During the cold and flu season, this healing soup can act as both a preventative and as a remedy. Full of naturally healing foods, like garlic, ginger and probiotic-rich miso ( I used the non-soy, chickpea kind,) this soup is also easy on the stomach for those times when viruses hit the digestive system. Kombu is a nutritious seaweed, available in health food stores. Read more about kombu’s properties here.
Cold and Flu Soup Recipe
By December 14, 2013Published:
- Yield: 1 large pot (5-7 Servings)
- Prep: 5 mins
- Cook: 30 mins
- Ready In: 42 mins
During the cold and flu season, this healing soup can act as both a preventative and as a remedy. Full of naturally healing foods, …
- 1 medium Onion diced
- 4 tablespoons Coconut oil or olive oil
- 1/2 cup Brown Rice
- 1 sheet Kombu
- 3 tablespoons Dried mushrooms
- 4 cloves Garlic diced
- 1 inch Fresh Ginger grated
- 1/2 bunch Fresh parsley chopped
- 1 pinch Cayenne peper
- 8 tablespoons Miso paste ( chickpea miso is fine)

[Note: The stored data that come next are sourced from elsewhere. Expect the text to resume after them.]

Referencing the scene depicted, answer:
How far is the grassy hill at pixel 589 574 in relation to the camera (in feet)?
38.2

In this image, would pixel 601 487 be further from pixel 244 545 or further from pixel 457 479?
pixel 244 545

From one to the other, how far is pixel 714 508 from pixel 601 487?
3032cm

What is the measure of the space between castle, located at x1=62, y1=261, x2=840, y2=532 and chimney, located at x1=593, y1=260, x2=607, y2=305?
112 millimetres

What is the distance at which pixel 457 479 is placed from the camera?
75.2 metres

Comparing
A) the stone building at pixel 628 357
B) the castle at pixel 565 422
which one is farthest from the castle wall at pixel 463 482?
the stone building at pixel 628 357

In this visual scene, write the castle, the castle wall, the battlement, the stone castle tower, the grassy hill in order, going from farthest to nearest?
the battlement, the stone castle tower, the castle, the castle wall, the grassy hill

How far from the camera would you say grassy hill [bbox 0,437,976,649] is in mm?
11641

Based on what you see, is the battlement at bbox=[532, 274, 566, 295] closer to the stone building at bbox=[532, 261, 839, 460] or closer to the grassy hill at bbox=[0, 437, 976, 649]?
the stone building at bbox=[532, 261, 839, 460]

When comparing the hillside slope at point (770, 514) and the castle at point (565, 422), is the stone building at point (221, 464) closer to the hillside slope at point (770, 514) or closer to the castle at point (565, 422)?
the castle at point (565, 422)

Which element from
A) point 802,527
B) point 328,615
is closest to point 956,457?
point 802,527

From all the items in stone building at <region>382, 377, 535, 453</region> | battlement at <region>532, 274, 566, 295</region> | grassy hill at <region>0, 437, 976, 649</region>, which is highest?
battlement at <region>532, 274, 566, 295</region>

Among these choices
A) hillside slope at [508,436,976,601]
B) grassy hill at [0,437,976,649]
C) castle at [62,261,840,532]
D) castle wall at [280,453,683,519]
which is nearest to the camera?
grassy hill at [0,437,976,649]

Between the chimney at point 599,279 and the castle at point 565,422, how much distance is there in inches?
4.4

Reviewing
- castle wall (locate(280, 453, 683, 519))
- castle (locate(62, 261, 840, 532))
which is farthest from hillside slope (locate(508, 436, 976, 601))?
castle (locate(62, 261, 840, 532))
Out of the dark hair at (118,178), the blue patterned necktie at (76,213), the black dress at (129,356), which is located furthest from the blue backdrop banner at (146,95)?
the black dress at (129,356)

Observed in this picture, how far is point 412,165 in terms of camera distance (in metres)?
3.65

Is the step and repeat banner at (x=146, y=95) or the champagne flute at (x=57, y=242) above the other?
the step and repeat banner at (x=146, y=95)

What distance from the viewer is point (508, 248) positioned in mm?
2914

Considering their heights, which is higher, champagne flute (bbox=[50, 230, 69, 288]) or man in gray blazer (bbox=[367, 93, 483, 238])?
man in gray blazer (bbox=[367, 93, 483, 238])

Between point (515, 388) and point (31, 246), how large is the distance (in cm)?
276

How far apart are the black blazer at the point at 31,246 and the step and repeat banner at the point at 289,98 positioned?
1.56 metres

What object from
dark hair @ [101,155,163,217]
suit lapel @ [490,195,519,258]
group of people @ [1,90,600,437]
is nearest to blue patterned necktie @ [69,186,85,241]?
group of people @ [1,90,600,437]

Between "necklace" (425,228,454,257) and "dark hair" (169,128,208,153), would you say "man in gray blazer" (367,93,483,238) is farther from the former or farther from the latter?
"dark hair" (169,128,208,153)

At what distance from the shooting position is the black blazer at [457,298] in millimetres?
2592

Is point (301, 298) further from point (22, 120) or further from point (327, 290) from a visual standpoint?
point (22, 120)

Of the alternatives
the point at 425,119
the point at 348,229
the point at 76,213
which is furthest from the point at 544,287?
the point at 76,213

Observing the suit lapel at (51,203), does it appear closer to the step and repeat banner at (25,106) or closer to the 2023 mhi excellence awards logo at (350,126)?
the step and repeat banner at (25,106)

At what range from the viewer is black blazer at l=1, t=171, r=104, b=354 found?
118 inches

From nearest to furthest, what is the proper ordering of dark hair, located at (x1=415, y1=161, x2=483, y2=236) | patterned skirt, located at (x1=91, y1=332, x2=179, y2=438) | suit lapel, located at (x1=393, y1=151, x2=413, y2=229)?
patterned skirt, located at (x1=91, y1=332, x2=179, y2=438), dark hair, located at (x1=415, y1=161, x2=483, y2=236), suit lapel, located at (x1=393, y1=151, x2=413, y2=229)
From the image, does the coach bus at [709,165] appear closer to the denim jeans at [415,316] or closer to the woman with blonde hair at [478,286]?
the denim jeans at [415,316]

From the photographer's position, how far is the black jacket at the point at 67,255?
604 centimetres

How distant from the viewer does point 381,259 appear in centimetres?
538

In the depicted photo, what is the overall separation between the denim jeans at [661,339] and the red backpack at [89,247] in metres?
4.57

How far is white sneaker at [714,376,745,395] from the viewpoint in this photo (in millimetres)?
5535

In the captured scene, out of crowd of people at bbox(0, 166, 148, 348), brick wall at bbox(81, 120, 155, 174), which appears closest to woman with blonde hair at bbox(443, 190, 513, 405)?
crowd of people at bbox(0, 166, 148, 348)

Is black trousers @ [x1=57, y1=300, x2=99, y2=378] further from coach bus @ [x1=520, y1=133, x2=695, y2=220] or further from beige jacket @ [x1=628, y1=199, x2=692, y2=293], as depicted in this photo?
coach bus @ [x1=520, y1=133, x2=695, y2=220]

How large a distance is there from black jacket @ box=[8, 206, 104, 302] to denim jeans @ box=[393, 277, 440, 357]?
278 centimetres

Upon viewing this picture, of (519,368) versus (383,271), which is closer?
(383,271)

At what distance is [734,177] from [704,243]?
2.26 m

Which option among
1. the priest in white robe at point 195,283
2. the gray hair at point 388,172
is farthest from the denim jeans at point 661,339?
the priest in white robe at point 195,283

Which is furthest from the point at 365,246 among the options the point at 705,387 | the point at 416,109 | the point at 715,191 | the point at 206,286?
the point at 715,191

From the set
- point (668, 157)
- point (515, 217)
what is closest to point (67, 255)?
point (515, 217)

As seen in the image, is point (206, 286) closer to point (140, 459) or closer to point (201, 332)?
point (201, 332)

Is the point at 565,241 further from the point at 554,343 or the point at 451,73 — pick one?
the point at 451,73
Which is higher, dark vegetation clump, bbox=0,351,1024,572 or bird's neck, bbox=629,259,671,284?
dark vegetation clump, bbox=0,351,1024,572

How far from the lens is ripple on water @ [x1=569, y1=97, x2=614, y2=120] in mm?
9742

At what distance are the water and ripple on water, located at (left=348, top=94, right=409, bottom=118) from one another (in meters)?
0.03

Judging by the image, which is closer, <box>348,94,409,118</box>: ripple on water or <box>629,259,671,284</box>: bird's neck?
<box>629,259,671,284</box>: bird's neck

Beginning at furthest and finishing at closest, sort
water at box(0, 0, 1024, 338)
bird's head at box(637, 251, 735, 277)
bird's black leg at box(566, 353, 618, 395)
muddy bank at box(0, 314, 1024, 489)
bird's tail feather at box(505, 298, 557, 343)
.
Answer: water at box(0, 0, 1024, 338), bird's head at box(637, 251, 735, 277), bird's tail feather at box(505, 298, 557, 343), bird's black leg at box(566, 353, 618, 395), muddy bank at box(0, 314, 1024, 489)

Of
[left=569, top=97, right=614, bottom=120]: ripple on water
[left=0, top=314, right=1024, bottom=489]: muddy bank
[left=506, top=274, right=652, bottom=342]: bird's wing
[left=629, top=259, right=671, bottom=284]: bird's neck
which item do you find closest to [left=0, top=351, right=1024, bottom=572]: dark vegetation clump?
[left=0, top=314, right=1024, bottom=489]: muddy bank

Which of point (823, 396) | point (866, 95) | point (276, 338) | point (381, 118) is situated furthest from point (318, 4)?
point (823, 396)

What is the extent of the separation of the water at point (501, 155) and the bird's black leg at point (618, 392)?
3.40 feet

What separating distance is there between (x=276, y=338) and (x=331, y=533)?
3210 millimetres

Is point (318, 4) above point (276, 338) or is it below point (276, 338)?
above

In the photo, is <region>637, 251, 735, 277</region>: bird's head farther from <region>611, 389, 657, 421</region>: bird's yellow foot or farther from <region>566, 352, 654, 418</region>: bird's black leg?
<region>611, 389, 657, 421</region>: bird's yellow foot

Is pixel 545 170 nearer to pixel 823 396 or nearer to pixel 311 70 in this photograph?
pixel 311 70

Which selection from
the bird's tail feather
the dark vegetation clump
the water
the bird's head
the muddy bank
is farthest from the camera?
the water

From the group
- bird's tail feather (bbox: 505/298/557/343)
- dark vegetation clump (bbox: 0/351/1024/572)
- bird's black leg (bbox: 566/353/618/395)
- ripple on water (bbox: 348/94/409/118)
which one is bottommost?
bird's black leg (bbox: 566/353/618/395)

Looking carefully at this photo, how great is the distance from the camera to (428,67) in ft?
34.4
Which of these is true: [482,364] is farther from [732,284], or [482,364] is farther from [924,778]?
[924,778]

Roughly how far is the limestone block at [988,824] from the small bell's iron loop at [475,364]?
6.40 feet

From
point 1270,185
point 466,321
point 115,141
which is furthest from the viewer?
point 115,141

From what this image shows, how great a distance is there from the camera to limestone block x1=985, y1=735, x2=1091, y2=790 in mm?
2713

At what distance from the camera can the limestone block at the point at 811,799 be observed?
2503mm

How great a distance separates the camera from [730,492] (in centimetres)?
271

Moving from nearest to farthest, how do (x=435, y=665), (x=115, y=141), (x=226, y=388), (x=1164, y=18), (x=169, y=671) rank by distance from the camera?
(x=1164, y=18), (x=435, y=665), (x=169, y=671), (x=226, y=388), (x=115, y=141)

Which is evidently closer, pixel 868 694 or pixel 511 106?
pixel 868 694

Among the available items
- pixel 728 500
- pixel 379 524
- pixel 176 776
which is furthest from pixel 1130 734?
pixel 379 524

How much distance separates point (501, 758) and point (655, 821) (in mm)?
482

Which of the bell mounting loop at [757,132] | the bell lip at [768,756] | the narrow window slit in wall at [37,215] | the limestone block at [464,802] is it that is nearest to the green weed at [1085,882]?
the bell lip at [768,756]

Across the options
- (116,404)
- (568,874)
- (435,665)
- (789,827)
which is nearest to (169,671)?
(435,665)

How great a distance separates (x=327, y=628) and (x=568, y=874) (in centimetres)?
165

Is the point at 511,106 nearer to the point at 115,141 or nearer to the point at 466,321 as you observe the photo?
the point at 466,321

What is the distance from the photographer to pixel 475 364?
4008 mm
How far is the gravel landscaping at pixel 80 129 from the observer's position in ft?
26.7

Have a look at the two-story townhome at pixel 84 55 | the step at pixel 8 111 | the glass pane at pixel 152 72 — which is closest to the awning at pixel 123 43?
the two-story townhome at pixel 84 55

- optional: Sea salt to taste
- Saute the onion in oil for about 4 minutes.
- Put brown rice, kombu, the sauteed onion and the mushrooms into a large pot. Cover with 8 glasses of water, bring to a boil and simmer for 25 minutes.
- When the soup is simmering, dice the garlic and let it sit for a few minutes.
- Add garlic, ginger and parsley and cayenne to the soup and simmer for 5-7 minutes, or until the rice is cooked.
- Let the soup stand uncovered for 5 minutes to cool. Throw away the kombu, getting it with a fork.
- Obtain one cup of soup liquid, stir the miso paste into it. Mix to combine. Pour the miso into the soup. Taste and add more salt if needed.
- Let the soup stand, covered, to develop flavor for 7-10 minutes. Serve.